▸ WHAT IS REQUIRED: Scan the records below for the line containing "5770Bet - Aplicativo Móvel" and the line containing "HOMM LIFE YASEMİNLİ DUŞ JELİ 400 ML". Copy both, plus every line between, exactly.

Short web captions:

* * *

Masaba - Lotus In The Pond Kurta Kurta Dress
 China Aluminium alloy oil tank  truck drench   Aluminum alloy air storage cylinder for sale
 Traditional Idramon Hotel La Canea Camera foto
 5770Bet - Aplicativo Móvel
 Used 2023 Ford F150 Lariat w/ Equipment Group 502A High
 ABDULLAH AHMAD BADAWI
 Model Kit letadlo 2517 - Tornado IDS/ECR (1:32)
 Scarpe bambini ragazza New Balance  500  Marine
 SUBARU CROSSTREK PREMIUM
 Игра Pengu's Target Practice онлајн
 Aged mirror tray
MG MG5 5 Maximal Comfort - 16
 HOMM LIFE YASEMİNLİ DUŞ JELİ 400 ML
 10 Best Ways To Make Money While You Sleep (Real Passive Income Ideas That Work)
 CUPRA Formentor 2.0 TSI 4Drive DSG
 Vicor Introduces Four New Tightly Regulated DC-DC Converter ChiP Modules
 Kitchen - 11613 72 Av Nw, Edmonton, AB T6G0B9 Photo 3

* * *

▸ WRITTEN SOLUTION:
 5770Bet - Aplicativo Móvel
 Used 2023 Ford F150 Lariat w/ Equipment Group 502A High
 ABDULLAH AHMAD BADAWI
 Model Kit letadlo 2517 - Tornado IDS/ECR (1:32)
 Scarpe bambini ragazza New Balance  500  Marine
 SUBARU CROSSTREK PREMIUM
 Игра Pengu's Target Practice онлајн
 Aged mirror tray
MG MG5 5 Maximal Comfort - 16
 HOMM LIFE YASEMİNLİ DUŞ JELİ 400 ML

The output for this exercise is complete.